I was fortunate to attend this year’s 40th Il Cinema Ritrovato in Bologna – so many films (over 400!), screened in 6 theaters and 2 piazzas. A theme of celebrating strong women ran through the festival: one featured actor was Barbara Stanwyck, in Double Indemnity, Forty Guns, Clash by Night, and Ball of Fire. Films of Josephine Baker were also celebrated: Princesse Tam Tam, Fausse Alerte – in which she plays a sly amused match-maker between a man and woman who’ve been cultivating enmity for generations, and La Sirene de Tropique, along with numerous short clips of her performances. An extensive exhibit was devoted to the lifework of Agnes Varda, and her film Vagabond screened at Piazza Maggiore, introduced by her daughter Rosalie for a crowd of thousands as the evening sky darkened. 

Also on hand were Isabella Rossellini, Wim Wenders, Irene Jacob. A special video appearance by Mel Brooks helped us all to celebrate his 100th birthday – the crowd sang the Italian version of Happy Birthday, which he gladly acknowledged – prior to a screening of Young Frankenstein in the Piazza Maggiore. 

Given the centrality of film restoration, one of the festival highlights was Beyond Zero: 1914-1918, assembled by Bill Morrison in 2024 from fragments of nitrate stock from the US National Archives. These fleeting and damaged images show soldiers digging trenches, moving artillery piece by piece through snow, a horse corps, tanks, biplanes in combat, a zeppelin launched, and at the end a lone parachutist descending slowly to earth. The holes and discolorations in the film stock make the age of this footage more poignant – here is what remains of a record of war.

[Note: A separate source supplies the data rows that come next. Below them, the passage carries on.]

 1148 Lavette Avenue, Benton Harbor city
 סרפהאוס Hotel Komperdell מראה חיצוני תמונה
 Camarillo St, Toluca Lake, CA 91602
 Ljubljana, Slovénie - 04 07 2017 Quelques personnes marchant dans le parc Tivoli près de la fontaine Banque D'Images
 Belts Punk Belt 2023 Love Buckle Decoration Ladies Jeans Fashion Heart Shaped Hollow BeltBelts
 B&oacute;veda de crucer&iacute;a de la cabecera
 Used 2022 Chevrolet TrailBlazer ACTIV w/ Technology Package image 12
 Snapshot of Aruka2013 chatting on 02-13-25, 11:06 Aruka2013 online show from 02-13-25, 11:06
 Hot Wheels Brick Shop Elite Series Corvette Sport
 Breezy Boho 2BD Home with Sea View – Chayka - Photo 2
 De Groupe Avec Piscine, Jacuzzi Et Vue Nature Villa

In a time when we can no longer trust the images presented to us, these deteriorated clips are a testament to the importance of authenticity, of recording events. The Kronos Quartet contributed the score. 

Another treat was films of Daisuke Ito, a Japanese director who made samurai films, silent and sound, notably Five Men of Edo, and Osho, a gentle story about a chess-obsessed husband/ father who cannot stop himself from pawning household goods to pay admission to chess tournaments. I was also introduced to the work of Mitchell Leisen, a maker of light fare with matinee idols. We saw his 1941 film Hold Back the Dawn about immigrants cooling their heels in a Mexico border town while trying increasingly-desperate ways to enter the US. 

During Wim Wenders’ conversation with cinema savant Gianluca Farinelli about his career and the making of his first (student) film, Summer in the City, still unreleased, he reflected on the difference between scripted stories and his naturalistic camera work: it was hard to know when to “Cut!” As the actors continued, something surprising could arise at any time: “Who am I to interrupt this?” he asked. Having blown his full budget on filming, he had nothing left for post-production, where editing, soundtrack, and organization of footage take place. He used music from the Kinks, the Troggs, and Bob Dylan without securing the rights. His sound engineer, admonished to avoid the hiss of too-loud audio, turned conversation sound so low the actors are barely audible. 
Wenders also made the point that it was only after coming to Hollywood that he encountered his German predecessors: Fritz Lang, F.W. Murnau, Ernst Lubitsch, and became aware of his lineage as a filmmaker. Wenders remarked that when he feels safe in a film – when he trusts the director to be honest – he often sleeps. He long felt apologetic about this, but finally came around to accept this as a valid response to the comfort of being in a safe place. 

Scorsese was featured with The Color of Money, 20-year-old Tom Cruise lighting up the screen with flamboyant pool-playing and the sheer joy of being so good at something. Paul Newman and Mary Elizabeth Mastrantonio do their utmost to bring him around to the strategies of the hustler’s game, but they have a tough job – his exuberance just won’t cool off. A less-characteristic film was Alice Doesn’t Live Here Anymore, in which Ellen Burstyn plays the abruptly-widowed mother of an 11-year-old son, scrambling to make a living as a singer and finally a waitress. Mother and son’s free-wheeling banter gives the film buoyancy. Scorsese rounded out his part in the festival with a Piazza Maggiore screening of New York, New York, a flop at the time but an over-the-top evocation of lives and places dear to him. 

Many of these films were made in the 1950s, 60s, 70s and 80s, a useful reminder of the richness of cinematic history. Viewing Luchino Visconti’s sumptuous 1963 epic Il Gattopardo (starring Burt Lancaster and Claudia Cardinale) was a treat, on the big screen it deserves. 

For me, the finest point in the festival was Krysztof Kieslowski’s Trois Couleurs: Rouge, his final film, from 1994. A conversation with Irene Jacob preceded it, and her moving performance as a woman leading with love and kindness, matched against Jean-Louis Trintignant’s jaded cynic, proved yet again for this viewer Kieslowski’s insight into human emotion and connection, with his fearless use of parallel experiences, repeated images, and how the heart may challenge the mind and prevail. He is the filmmaker of our highest potential, his creative approach to human relationships opening our eyes and hearts.